TASK GOAL |
Exactly the lines from the one containing "No Reserve - 14K" through the final line of the data below, with pictures omitted, make up the answer.
BEGIN RECORDS PROVIDED
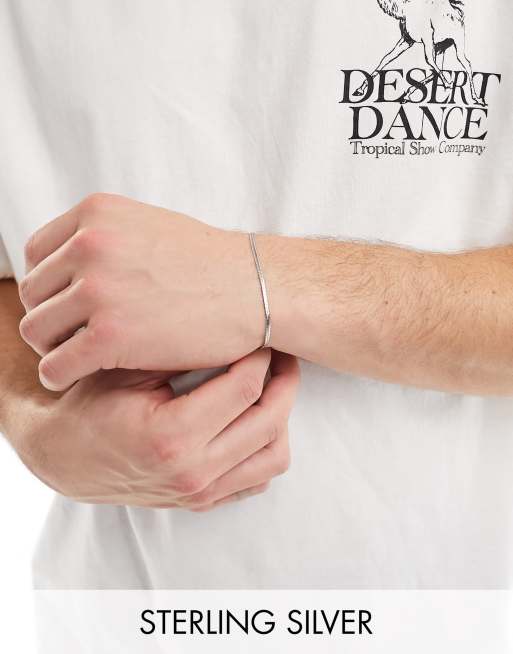 ASOS DESIGN - Platte gevlochten schakelarmband van sterling zilver in zilverkleur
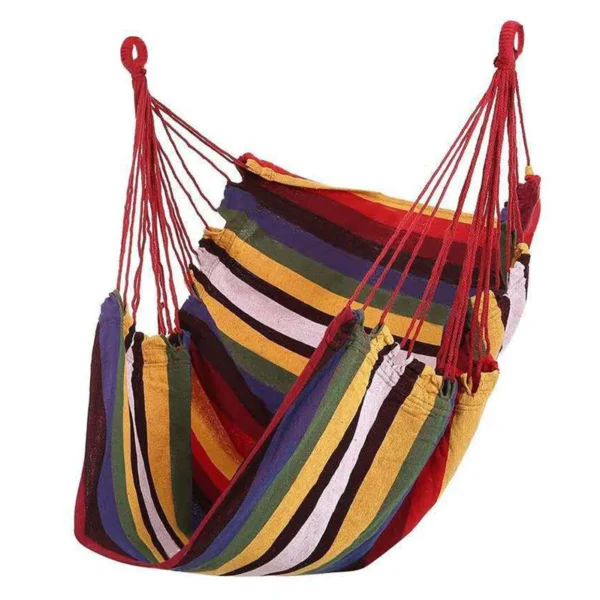 Portable Hammock Chair | Colourful Hanging Rope Swing Seat - Image 4
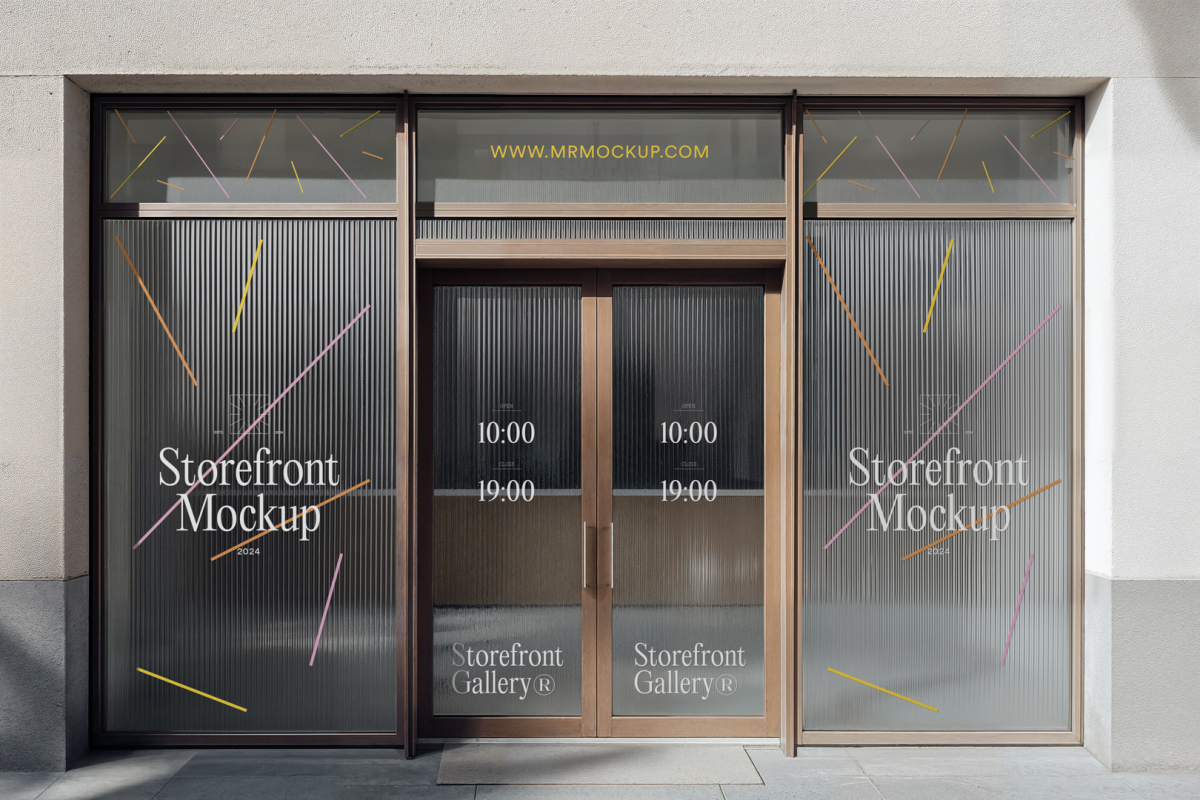Front view, entrance to the staircase facade with brown frames, eight windows with colorful graphics and white strong typography, close glass door from storefront mockups product.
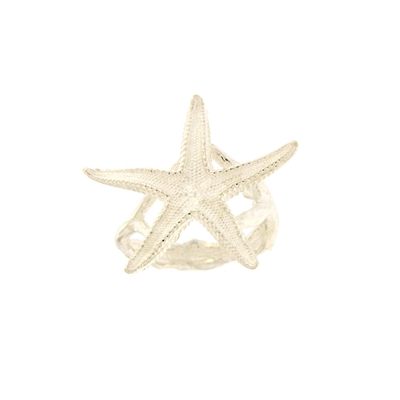 Starfish-shaped silver ring
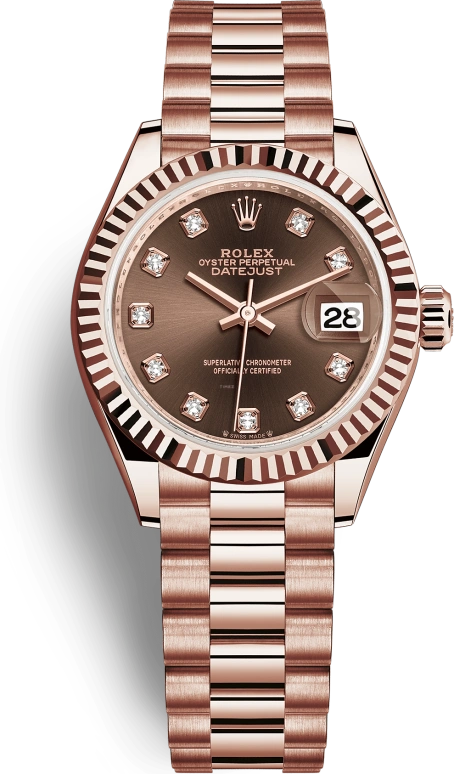 Rolex,Lady-Datejust 28mm,28mm,Everose Gold,Brown,Automatic,Day,55hours,279175,279175-0016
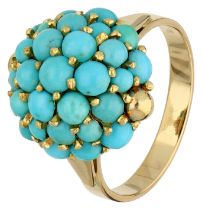 No Reserve - 14K yellow gold ring with synthetic turquoise.
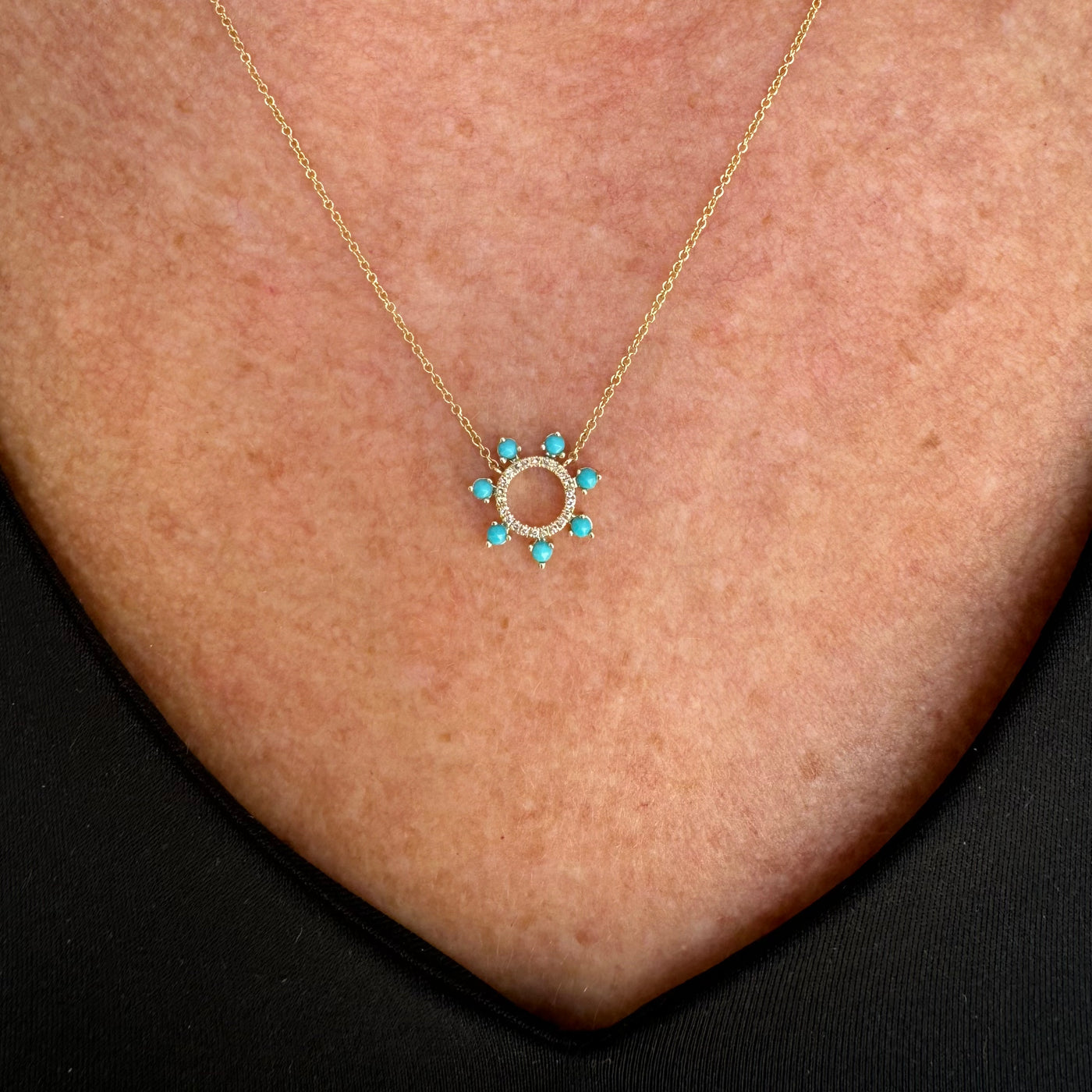 Open Circle Turquoise Necklace
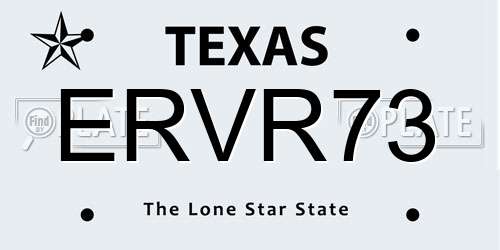 ERVR73 Texas License Plate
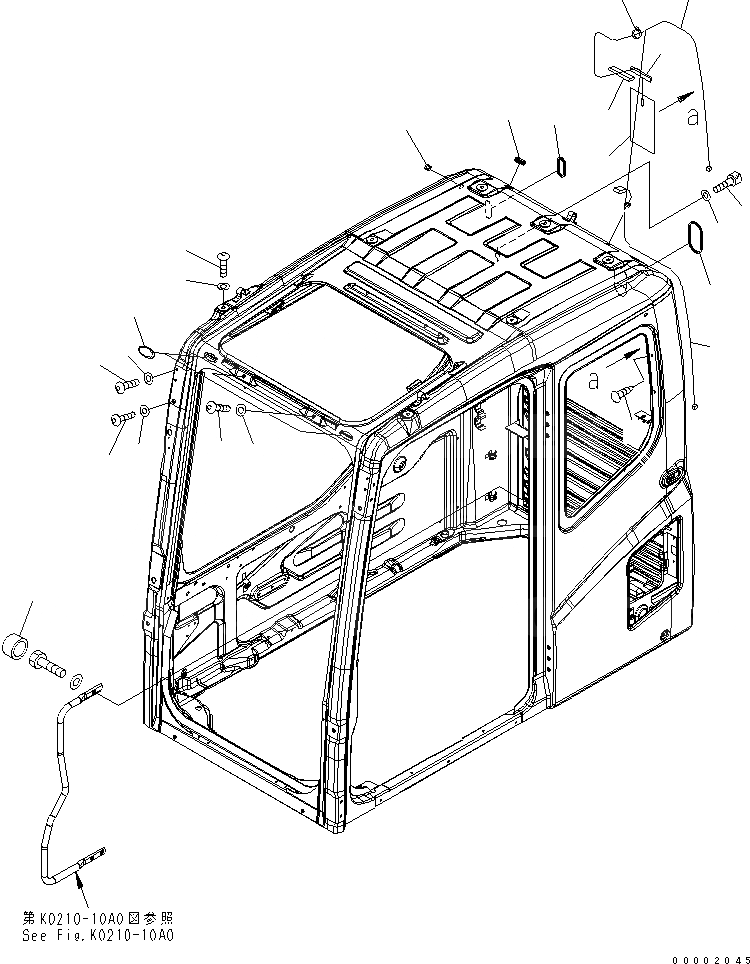 Схема запчастей Komatsu PC270-7-AG - КАБИНА (БОЛТ И ANNTENA) (KOMTRAX)(№-) КАБИНА ОПЕРАТОРА И СИСТЕМА УПРАВЛЕНИЯ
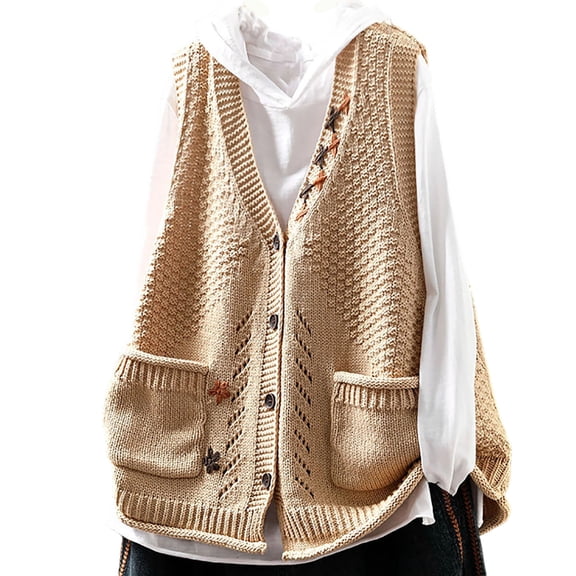 Women's Floral Doll Sweater Vest Ribbed Knit Cardigan Sleeveless V Neck Jackets Loose Lightweight Outwear Trendy Fall Shrug Coats Fall Outerwear Cute Casual Outfits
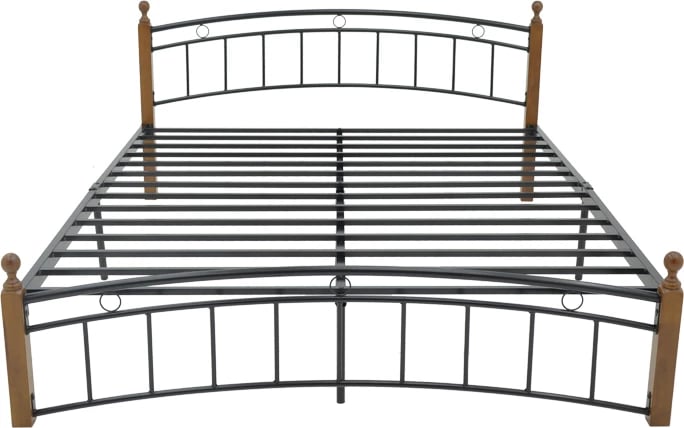 Krevet queen size Clarive, ngjyrë arre, dru-metal i zi, 150x200cm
END RECORDS PROVIDED
SOLUTION FOR THIS TASK |
 No Reserve - 14K yellow gold ring with synthetic turquoise.
 Open Circle Turquoise Necklace
 ERVR73 Texas License Plate
 Схема запчастей Komatsu PC270-7-AG - КАБИНА (БОЛТ И ANNTENA) (KOMTRAX)(№-) КАБИНА ОПЕРАТОРА И СИСТЕМА УПРАВЛЕНИЯ
 Women's Floral Doll Sweater Vest Ribbed Knit Cardigan Sleeveless V Neck Jackets Loose Lightweight Outwear Trendy Fall Shrug Coats Fall Outerwear Cute Casual Outfits
 Krevet queen size Clarive, ngjyrë arre, dru-metal i zi, 150x200cm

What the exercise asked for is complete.